Interdisciplinary, Self-Assembled, Virtual Work Teams
Contemporarily, there are a few major trends shaping organizations and work at a global level. First, work groups are becoming increasingly interdisciplinary. With simplistic jobs being redesigned (or performed by robots), the nature of work is getting progressively more complex. One way managers are providing employees with the tools to tackle such formidable challenges is by creating interdisciplinary teams of workers, where individuals serve as representatives of their functional area of expertise. Second, modern teams are self-assembling with increasing frequency, meaning the component members are choosing to join forces with some degree of agency rather than being assigned to work with one another. Finally, globalization is serving to make the organizations across the world more tightly interconnected and—with the advent of the World Wide Web and web-related technologies—many work teams now function on a partially/strictly virtual basis. Based on these 3 trends in the workplace, our lab is interested in understanding the implications that team virtuality, interdisciplinarity, and assembly processes have for longitudinal team processes, interpersonal relationships, decision making, and—ultimately—performance.
Sleep and Teamwork
Modern-day employees are also working longer hours than ever before; currently, Americans clock more hours at work than either their parents or grandparents did. The disproportionally large amount of time that today’s workers spend at work has two interesting implications: 1) individuals are spending a disproportionate amount of time socializing with coworkers, and 2) people have less time to devote to leisure activities, including sleep.
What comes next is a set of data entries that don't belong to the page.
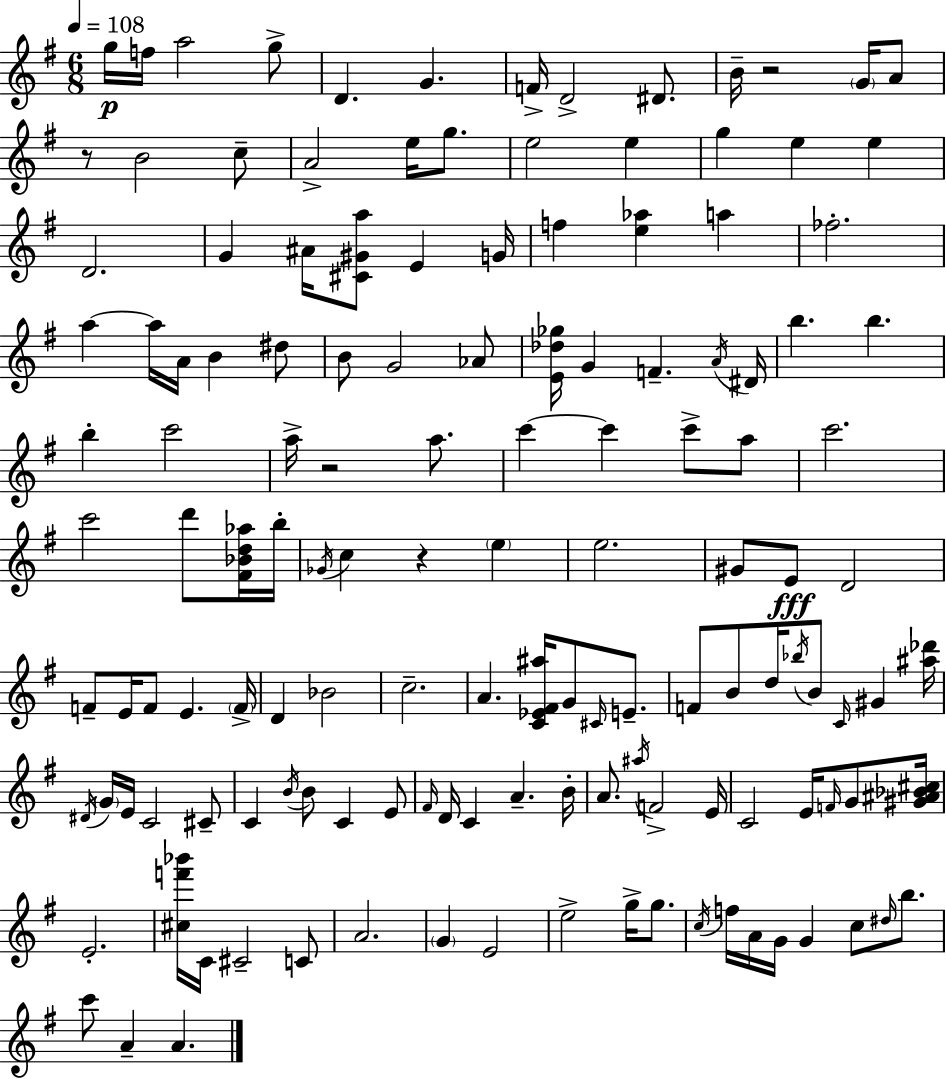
{
  \clef treble
  \numericTimeSignature
  \time 6/8
  \key e \minor
  \tempo 4 = 108
  g''16\p f''16 a''2 g''8-> | d'4. g'4. | f'16-> d'2-> dis'8. | b'16-- r2 \parenthesize g'16 a'8 | \break r8 b'2 c''8-- | a'2-> e''16 g''8. | e''2 e''4 | g''4 e''4 e''4 | \break d'2. | g'4 ais'16 <cis' gis' a''>8 e'4 g'16 | f''4 <e'' aes''>4 a''4 | fes''2.-. | \break a''4~~ a''16 a'16 b'4 dis''8 | b'8 g'2 aes'8 | <e' des'' ges''>16 g'4 f'4.-- \acciaccatura { a'16 } | dis'16 b''4. b''4. | \break b''4-. c'''2 | a''16-> r2 a''8. | c'''4~~ c'''4 c'''8-> a''8 | c'''2. | \break c'''2 d'''8 <fis' bes' d'' aes''>16 | b''16-. \acciaccatura { ges'16 } c''4 r4 \parenthesize e''4 | e''2. | gis'8 e'8\fff d'2 | \break f'8-- e'16 f'8 e'4. | \parenthesize f'16-> d'4 bes'2 | c''2.-- | a'4. <c' ees' fis' ais''>16 g'8 \grace { cis'16 } | \break e'8.-- f'8 b'8 d''16 \acciaccatura { bes''16 } b'8 \grace { c'16 } | gis'4 <ais'' des'''>16 \acciaccatura { dis'16 } \parenthesize g'16 e'16 c'2 | cis'8-- c'4 \acciaccatura { b'16 } b'8 | c'4 e'8 \grace { fis'16 } d'16 c'4 | \break a'4.-- b'16-. a'8. \acciaccatura { ais''16 } | f'2-> e'16 c'2 | e'16 \grace { f'16 } g'8 <gis' ais' bes' cis''>16 e'2.-. | <cis'' f''' bes'''>16 c'16 | \break cis'2-- c'8 a'2. | \parenthesize g'4 | e'2 e''2-> | g''16-> g''8. \acciaccatura { c''16 } f''16 | \break a'16 g'16 g'4 c''8 \grace { dis''16 } b''8. | c'''8 a'4-- a'4. | \bar "|."
}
At the individual level, it is clear that sleep deprivation has a deleterious impact on workplace outcomes such as decision-making quality. However, the impact of sleep quality on the team is a sparsely researched topic. The majority of the extant team-level sleep literature has explored the inverse relation between sleep deprivation and performance in governmental teams such as Army, Navy, Air Force, and NASA teams. However, no research to date has attempted to unpack how sleep quality drives the formation of interpersonal relationships between teammates.
Recently, some teams researchers have begun to take notice of the potential practical application that health psychology topics have to their scholarly endeavors. Most notably, Barnes and Hollenbeck (2009) brought to light the fact that sleep quality has not been adequately addressed in the teams literature, and called for a more thorough examination of how sleep impacts teamwork. Thus, the purpose of this stream of research is to merge two disparate subfields of psychology—industrial-organizational and health—in order to answer the following question: how does individual sleep quality impact dyadic relationships, collective creativity, and decision-making in the workplace? Furthermore, our lab is interested in understanding how situational constraints such as stress may moderate these relations.